Slide 2: The ILS: what is it?  A place to find books, yeah, but also...  ... a way for libraries to provide access to:  ... databases  ... e-journals  ...thesis and dissertations.

Slide 3: Our current situation  Proprietary ILS vendors abound, which means...  ...they're expensive  ...they respond slowly to feature requests, if at all.  ...our data is not as portable as we'd like.  What are we paying for?

Slide 4: Does this remind you of anything?  Hey, do you remember:  ...Coherent?  ...Xenix?  ...Ultrix?  ...A/UX?  ...BSD/OS?  There's a good reason for that, huh?

Slide 5: But what we really needed was...  ...a good solid kick to the pants.  A couple of years ago, our vendor was bought by a competing vendor, and that means...  ...product consolidation, which means...  ...we're in trouble.

Slide 6: Fortunately... We're not the only ones with this problem.

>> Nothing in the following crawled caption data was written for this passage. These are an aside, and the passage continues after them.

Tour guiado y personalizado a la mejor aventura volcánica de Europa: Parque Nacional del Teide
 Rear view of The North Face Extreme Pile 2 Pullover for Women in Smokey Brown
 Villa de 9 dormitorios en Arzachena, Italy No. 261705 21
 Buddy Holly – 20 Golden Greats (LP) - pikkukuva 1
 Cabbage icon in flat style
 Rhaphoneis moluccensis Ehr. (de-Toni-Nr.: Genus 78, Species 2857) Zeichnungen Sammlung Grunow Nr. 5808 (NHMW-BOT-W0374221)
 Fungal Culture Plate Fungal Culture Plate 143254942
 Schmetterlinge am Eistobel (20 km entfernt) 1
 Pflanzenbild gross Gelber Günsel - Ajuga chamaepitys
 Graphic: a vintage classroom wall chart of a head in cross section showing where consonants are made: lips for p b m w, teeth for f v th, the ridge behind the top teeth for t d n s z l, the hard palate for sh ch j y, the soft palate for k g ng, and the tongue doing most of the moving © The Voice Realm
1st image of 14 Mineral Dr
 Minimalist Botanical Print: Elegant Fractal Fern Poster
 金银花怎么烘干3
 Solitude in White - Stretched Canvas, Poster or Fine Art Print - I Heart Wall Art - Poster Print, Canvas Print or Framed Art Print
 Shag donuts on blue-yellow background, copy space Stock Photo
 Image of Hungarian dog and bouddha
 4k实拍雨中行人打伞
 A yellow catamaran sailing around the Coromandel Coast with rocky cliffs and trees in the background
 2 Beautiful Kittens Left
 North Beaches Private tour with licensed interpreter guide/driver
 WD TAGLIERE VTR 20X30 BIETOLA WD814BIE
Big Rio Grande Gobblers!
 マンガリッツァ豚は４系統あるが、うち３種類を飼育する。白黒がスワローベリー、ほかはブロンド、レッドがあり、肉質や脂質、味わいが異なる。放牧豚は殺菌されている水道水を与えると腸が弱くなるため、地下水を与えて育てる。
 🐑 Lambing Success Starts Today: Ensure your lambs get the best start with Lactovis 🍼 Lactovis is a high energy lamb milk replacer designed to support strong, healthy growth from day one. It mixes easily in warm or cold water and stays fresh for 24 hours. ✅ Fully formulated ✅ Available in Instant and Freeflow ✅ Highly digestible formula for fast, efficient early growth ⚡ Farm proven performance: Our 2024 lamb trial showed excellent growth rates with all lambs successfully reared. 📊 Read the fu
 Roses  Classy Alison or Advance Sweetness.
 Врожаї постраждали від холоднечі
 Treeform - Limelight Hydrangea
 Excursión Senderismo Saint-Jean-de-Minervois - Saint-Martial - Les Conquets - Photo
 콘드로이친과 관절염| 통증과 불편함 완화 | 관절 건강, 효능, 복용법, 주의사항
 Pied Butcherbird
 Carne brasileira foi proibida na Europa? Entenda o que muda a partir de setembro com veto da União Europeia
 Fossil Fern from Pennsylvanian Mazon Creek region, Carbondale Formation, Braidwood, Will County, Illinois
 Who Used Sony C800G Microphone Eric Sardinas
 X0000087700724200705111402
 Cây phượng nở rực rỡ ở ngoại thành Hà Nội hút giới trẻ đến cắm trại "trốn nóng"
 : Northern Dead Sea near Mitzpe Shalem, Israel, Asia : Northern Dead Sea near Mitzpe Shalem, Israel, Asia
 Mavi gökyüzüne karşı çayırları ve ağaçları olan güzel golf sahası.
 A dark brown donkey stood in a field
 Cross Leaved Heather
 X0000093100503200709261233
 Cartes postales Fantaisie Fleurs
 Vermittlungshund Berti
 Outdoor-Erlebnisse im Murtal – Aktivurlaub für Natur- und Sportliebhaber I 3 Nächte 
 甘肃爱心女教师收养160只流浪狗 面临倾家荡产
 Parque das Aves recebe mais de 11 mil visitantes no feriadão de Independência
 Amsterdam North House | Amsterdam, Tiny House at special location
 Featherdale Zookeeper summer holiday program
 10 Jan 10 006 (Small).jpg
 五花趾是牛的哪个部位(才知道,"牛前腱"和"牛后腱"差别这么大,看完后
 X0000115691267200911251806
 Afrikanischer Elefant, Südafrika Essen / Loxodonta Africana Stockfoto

Slide 7: There are OSS choices:  Koha  Evergreen  PHPMyBibli  NewGenLib  ... but  Libraries are very risk averse – don't rock the boat!

Slide 8: So, as a result McMaster University decided to migrate off of our current ILS and go with Evergreen.

Slide 9: Who else is using Evergreen?  Georgia PINES  Sitka (BC PINES)  ...and a lot of other people in stealth mode.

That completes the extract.